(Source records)
=-=-=
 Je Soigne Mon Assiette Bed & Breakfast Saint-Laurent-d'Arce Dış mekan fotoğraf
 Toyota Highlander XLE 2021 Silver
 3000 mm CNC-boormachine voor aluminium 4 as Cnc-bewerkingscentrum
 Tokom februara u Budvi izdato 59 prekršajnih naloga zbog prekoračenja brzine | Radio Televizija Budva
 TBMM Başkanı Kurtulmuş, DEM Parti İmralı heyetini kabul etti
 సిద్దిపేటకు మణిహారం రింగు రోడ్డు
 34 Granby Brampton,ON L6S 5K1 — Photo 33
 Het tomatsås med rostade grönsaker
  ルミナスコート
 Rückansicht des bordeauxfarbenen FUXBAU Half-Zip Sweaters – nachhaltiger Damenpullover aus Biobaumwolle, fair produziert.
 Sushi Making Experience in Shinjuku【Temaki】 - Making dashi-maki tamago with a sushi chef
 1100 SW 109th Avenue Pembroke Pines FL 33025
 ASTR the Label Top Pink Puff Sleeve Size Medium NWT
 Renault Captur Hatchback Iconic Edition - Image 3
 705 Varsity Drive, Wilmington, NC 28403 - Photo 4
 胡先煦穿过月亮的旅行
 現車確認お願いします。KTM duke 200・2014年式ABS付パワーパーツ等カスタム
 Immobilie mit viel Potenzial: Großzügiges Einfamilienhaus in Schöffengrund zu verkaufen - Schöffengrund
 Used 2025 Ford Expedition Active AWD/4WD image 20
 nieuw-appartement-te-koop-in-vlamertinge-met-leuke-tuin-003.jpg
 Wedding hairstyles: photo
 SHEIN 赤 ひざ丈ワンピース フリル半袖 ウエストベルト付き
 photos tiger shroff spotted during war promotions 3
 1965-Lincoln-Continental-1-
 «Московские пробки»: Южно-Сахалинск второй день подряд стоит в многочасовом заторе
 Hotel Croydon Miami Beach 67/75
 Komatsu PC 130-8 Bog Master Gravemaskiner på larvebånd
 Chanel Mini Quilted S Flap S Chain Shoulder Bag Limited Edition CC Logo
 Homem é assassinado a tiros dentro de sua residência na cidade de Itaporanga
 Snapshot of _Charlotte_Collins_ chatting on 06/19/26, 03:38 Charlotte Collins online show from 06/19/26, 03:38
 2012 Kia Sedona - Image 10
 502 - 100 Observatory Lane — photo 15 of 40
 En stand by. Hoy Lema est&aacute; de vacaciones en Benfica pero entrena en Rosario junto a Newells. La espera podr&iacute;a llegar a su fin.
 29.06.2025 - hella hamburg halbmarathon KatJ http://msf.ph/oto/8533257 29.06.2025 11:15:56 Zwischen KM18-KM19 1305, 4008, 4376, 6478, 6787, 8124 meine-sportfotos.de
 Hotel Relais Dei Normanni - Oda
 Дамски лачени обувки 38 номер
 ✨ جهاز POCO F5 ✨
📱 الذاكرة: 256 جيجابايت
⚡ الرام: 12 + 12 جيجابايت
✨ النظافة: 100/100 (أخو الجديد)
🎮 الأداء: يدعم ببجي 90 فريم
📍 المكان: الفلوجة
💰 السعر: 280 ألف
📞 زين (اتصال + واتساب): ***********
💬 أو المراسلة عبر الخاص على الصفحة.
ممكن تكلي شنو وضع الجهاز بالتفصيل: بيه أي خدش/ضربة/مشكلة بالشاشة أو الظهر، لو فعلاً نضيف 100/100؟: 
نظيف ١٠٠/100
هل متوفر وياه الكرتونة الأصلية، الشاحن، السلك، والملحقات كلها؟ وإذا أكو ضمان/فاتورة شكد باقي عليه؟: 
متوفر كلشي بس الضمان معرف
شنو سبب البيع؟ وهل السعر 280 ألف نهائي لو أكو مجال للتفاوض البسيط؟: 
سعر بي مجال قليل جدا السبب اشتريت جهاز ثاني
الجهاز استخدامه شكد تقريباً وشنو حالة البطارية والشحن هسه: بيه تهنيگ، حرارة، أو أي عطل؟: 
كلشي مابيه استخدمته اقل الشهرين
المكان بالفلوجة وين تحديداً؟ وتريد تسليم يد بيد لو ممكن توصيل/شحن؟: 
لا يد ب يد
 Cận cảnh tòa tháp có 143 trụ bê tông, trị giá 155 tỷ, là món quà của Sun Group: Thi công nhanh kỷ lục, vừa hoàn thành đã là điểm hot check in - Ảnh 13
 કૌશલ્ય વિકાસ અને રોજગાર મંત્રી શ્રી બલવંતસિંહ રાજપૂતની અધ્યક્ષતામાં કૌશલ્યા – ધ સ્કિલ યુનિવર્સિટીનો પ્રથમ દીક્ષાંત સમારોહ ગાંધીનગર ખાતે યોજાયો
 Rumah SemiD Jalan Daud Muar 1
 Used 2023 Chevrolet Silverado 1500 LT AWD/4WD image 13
=-=-=
Task statement — Only one stretch of the entries above is wanted: the lines from the one containing "Tokom februara u" through the one containing "Rückansicht des bordeauxfarbenen". Please reproduce it exactly.

Solution below —
 Tokom februara u Budvi izdato 59 prekršajnih naloga zbog prekoračenja brzine | Radio Televizija Budva
 TBMM Başkanı Kurtulmuş, DEM Parti İmralı heyetini kabul etti
 సిద్దిపేటకు మణిహారం రింగు రోడ్డు
 34 Granby Brampton,ON L6S 5K1 — Photo 33
 Het tomatsås med rostade grönsaker
  ルミナスコート
 Rückansicht des bordeauxfarbenen FUXBAU Half-Zip Sweaters – nachhaltiger Damenpullover aus Biobaumwolle, fair produziert.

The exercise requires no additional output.